|President Obama "blinking"|
If you watch/read Syrian and other Middle East media, as I do, the perception is that President Barack Obama "blinked" in the face of Syria's claims that it will defend itself and wreak havoc on American forces in the eastern Mediterranean. Yes, we all know that it is meaningless bluster from Damascus, but our understanding is not what matters in the region - their perception becomes the reality.
What we might regard as cautious deliberation over the use of military force - a good thing by many standards - is regarded as weakness and indecision by those in the Middle East. Al-Thawrah (The Revolution), the official newspaper of the Syrian Ba'ath Party reported, "Obama announced yesterday...the beginning of the historic American retreat."
It is difficult to find fault with Syrian media account. Despite Secretary of State John Kerry's tap-dancing semantics, the President has handed the ball off to the Congress, who may vote against military action, tying the President's hands. The President can't go to Congress and, if the authorization fails, later ignore the vote. This is not leadership - this is the Pontius Pilate school of politics.
I normally try to stay out of political analysis, but this was purely a political play on the part of the President. If, like their British counterparts, Congress refuses to authorize military action (although I do not believe Congressional authorization is required), the President has an out.
I firmly believe that Barack Obama has no desire to take any military action against Syria but has put his - and more importantly, American - credibility on the line. He can say, "I was ready to pull the trigger, but Congress would not give me the authority." If they approve it, then he may look for another excuse not to act, but he will have kicked the can down the road at least 10 or more days. If Congress votes no, it does set a precedent that this president and future presidents may regret.
In making this announcement, President Obama has given Bashar al-Asad and the Syrian armed forces a gift. Rather than having to allocate intelligence resources to determine when an American attack might occur, the Syrians know that they have at least 10 days in which to prepare for whatever military action President Obama might order. Of course, given the recent failure of British Prime Minister David Cameron to secure Parliamentary approval to participate in military action against Syria, the Syrian may feel confident that their American counterparts may do the same.
The Syrians also know, thanks to the Secretary Kerry's pronouncements, what targets the United States has taken off the table. There will be no strikes aimed at regime change, no attempt to change the situation on the ground and no strikes of chemical weapons depots (for fear of dispersing the chemical agents). That leaves military garrisons, command and control facilities, and air bases as potential targets.
While all of these potential targets in the country are vulnerable, the Syrians have at least 10 days to prepare for strikes.
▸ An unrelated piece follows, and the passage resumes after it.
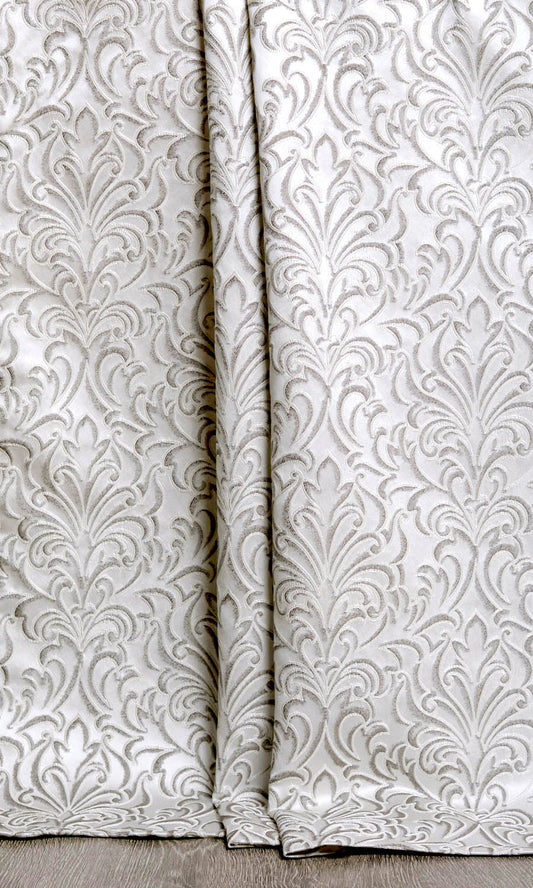 Floral Textured Drapery (White/ Black)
It is possible - and militarily prudent - to disperse high-value equipment (combat aircraft, for example), move transportable radars to alternate pre-surveyed locations, move sensitive equipment into hardened shelters that are not vulnerable to the Tomahawk warheads, and deploy tactical air defense systems with an anti-missile capability (such as the Pantsir-S1, NATO: SA-22 GREYHOUND) to protect static sites.
Wouldn't it be nice to have 10 days notice before an attack? Well, that's what the President has just done for Bashar al-Asad. Meanwhile, there are over 2000 American sailors and marines in the eastern Mediterranean, whose positions are fairly well known.